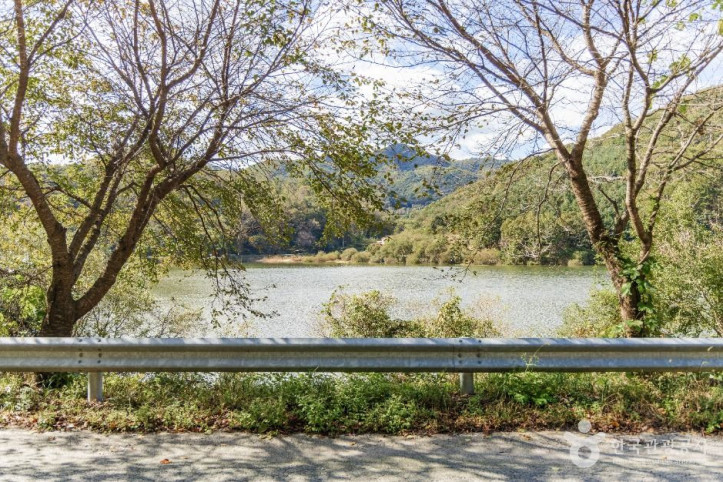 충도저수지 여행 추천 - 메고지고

* * *

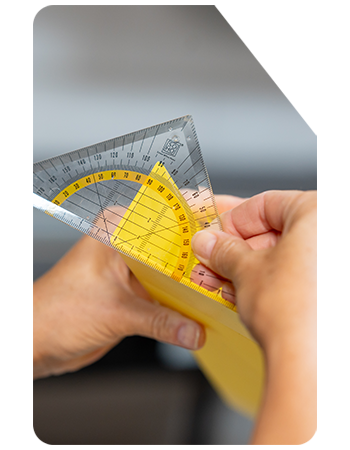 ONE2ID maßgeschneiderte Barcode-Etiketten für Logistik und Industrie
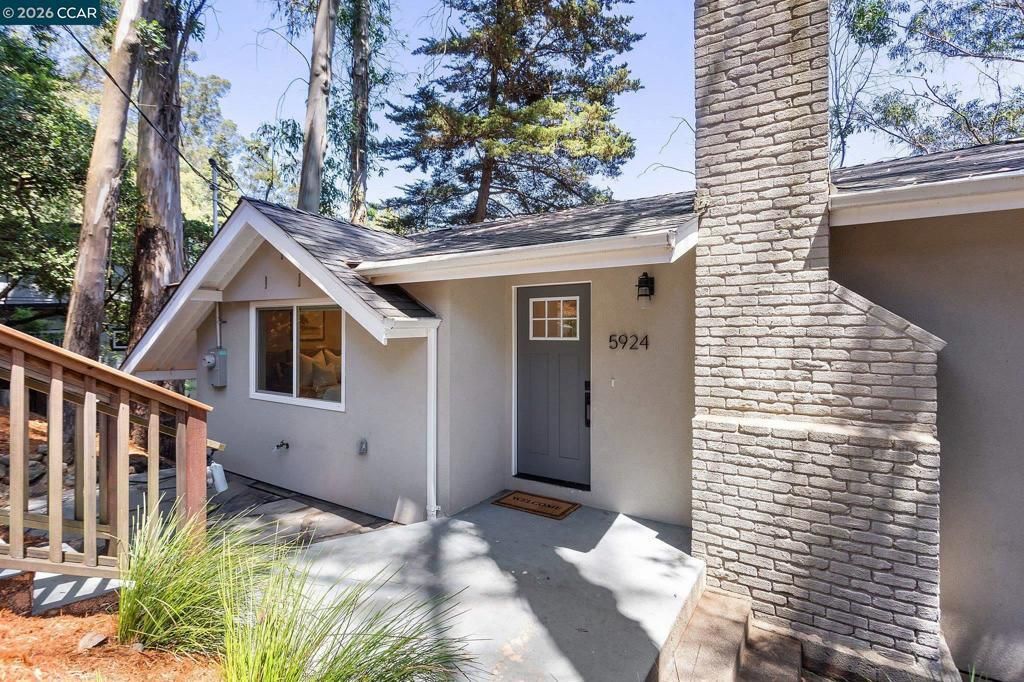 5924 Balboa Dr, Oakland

→ Work request: Find the line with "ONE2ID maßgeschneiderte Barcode-Etiketten" in the entries above. Set down exactly every line from it up to and including the line with "5924 Balboa Dr, Oakland", images excluded.

→ Task response:
 ONE2ID maßgeschneiderte Barcode-Etiketten für Logistik und Industrie
 5924 Balboa Dr, Oakland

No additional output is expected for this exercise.